INSTRUCTIONS TO FOLLOW: What should come back is the data below, word for word, minus any picture.

___ RECORDED INFORMATION

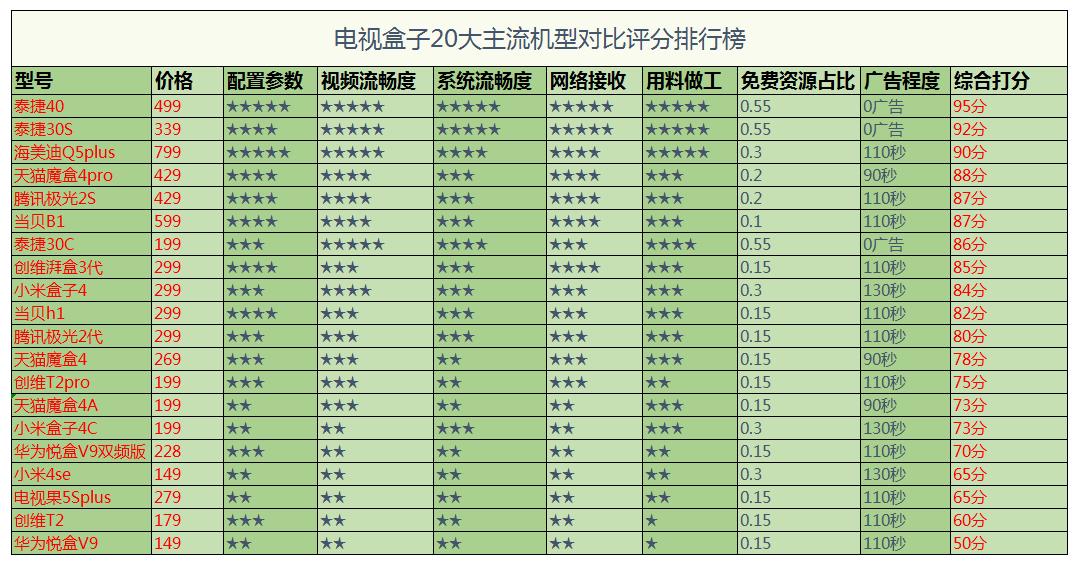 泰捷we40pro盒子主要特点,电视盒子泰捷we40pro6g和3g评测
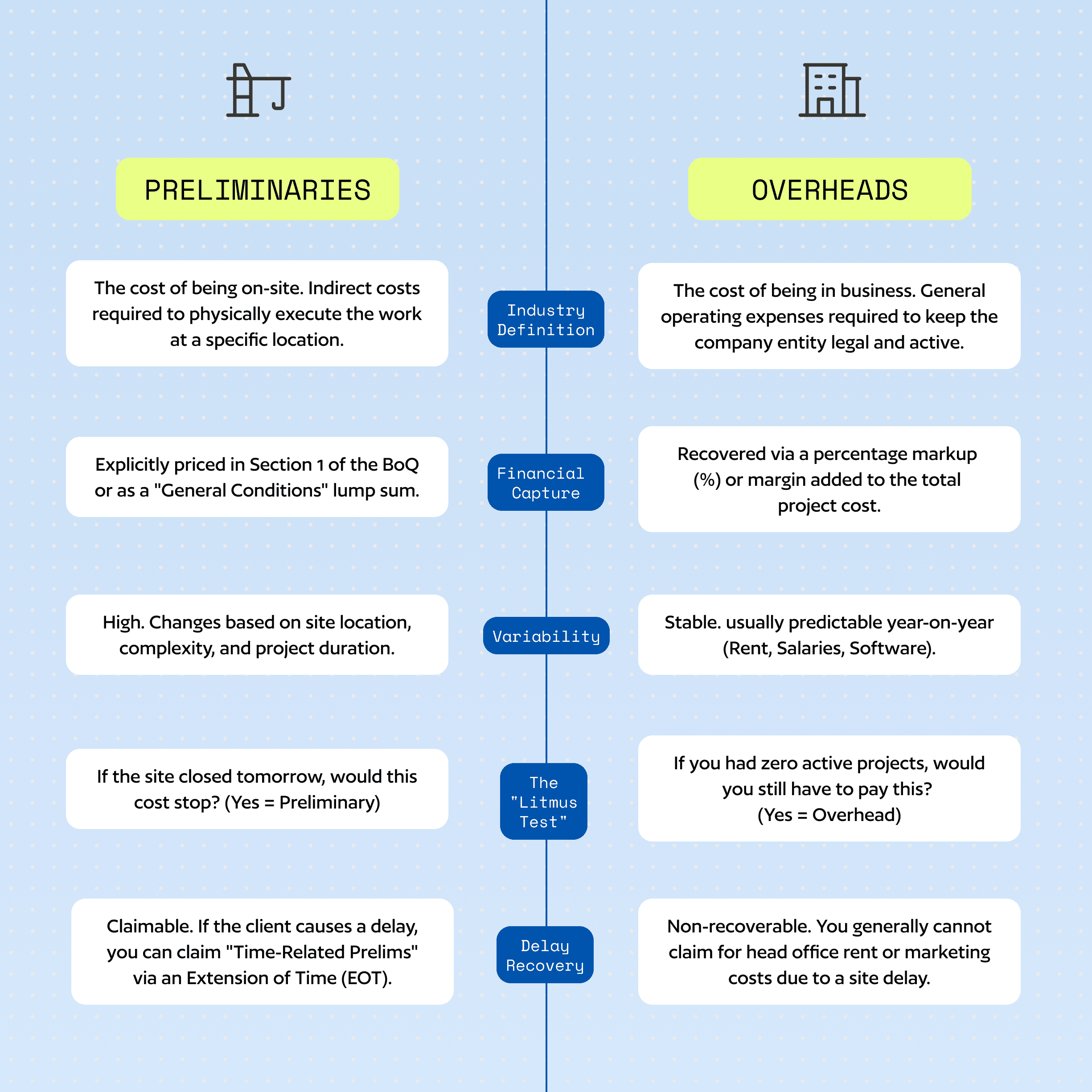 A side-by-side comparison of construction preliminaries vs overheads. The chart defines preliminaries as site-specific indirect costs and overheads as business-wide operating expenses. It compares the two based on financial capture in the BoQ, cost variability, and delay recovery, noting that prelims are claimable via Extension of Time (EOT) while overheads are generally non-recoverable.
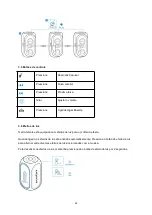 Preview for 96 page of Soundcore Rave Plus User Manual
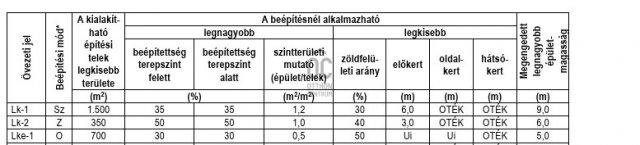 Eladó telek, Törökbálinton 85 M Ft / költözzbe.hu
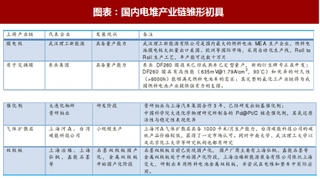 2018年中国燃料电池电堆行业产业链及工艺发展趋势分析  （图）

______

REPLY:
 泰捷we40pro盒子主要特点,电视盒子泰捷we40pro6g和3g评测
 A side-by-side comparison of construction preliminaries vs overheads. The chart defines preliminaries as site-specific indirect costs and overheads as business-wide operating expenses. It compares the two based on financial capture in the BoQ, cost variability, and delay recovery, noting that prelims are claimable via Extension of Time (EOT) while overheads are generally non-recoverable.
 Preview for 96 page of Soundcore Rave Plus User Manual
 Eladó telek, Törökbálinton 85 M Ft / költözzbe.hu
 2018年中国燃料电池电堆行业产业链及工艺发展趋势分析  （图）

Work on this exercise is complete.